Task prompt:
For the entries below, the expected answer is the line with "2025 Cadillac Escalade Sport 4WD", the line with "Чохол-накладка Full Soft", and every line between them, exactly as written, and nothing more.

*** Source material Section Begins ***

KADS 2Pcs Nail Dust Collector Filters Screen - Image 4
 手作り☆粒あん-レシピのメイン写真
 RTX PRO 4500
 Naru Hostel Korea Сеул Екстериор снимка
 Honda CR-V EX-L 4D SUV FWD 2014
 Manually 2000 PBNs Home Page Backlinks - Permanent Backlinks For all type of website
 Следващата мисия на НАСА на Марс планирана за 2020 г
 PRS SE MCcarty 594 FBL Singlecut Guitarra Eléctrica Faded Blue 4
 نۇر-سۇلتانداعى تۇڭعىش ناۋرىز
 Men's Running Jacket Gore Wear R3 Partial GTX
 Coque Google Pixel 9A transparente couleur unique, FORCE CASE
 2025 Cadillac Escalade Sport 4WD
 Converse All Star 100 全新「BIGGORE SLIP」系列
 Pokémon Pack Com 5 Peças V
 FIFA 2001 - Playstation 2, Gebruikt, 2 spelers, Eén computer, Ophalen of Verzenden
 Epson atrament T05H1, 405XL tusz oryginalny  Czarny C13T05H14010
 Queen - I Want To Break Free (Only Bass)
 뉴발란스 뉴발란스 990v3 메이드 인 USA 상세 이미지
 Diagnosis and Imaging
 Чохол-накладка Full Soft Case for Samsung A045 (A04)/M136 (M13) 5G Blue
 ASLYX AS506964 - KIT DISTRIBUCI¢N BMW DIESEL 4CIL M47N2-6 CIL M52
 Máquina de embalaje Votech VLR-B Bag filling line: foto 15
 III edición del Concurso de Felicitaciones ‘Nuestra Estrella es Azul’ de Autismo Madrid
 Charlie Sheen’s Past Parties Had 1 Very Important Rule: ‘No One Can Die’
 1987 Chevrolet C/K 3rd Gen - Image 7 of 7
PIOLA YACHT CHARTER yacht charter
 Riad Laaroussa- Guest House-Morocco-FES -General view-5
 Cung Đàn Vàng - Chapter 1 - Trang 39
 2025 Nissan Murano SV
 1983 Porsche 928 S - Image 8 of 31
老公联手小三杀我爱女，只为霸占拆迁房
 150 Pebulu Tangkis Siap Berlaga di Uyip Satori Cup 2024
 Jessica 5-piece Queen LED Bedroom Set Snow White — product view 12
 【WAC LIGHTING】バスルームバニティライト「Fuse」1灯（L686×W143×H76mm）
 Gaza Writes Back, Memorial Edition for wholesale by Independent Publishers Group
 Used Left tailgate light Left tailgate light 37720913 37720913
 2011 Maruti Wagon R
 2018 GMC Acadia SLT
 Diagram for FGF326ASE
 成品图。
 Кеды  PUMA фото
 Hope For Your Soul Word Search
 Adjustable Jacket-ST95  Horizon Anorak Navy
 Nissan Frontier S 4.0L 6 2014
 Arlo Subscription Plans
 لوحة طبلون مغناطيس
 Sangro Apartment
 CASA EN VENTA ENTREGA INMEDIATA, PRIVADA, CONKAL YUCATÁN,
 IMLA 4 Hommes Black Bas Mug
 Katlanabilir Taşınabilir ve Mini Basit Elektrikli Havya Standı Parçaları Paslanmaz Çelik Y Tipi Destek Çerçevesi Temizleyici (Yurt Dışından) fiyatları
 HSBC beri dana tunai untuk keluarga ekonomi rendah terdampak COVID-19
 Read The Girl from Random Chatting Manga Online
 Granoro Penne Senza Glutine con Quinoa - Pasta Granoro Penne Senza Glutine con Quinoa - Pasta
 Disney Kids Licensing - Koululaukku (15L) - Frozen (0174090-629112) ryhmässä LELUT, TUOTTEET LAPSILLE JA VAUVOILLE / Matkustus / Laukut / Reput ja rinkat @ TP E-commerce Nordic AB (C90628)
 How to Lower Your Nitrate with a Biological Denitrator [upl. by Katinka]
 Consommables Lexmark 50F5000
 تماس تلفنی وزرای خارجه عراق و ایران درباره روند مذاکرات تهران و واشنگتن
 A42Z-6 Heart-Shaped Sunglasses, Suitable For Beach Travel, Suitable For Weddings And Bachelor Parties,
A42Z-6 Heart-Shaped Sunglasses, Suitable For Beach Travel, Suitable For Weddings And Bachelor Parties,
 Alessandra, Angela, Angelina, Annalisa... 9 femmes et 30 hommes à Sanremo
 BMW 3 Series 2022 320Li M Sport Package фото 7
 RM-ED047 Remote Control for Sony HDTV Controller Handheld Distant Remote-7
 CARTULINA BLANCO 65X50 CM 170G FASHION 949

*** Source material Section Ends ***

Exercise response:
 2025 Cadillac Escalade Sport 4WD
 Converse All Star 100 全新「BIGGORE SLIP」系列
 Pokémon Pack Com 5 Peças V
 FIFA 2001 - Playstation 2, Gebruikt, 2 spelers, Eén computer, Ophalen of Verzenden
 Epson atrament T05H1, 405XL tusz oryginalny  Czarny C13T05H14010
 Queen - I Want To Break Free (Only Bass)
 뉴발란스 뉴발란스 990v3 메이드 인 USA 상세 이미지
 Diagnosis and Imaging
 Чохол-накладка Full Soft Case for Samsung A045 (A04)/M136 (M13) 5G Blue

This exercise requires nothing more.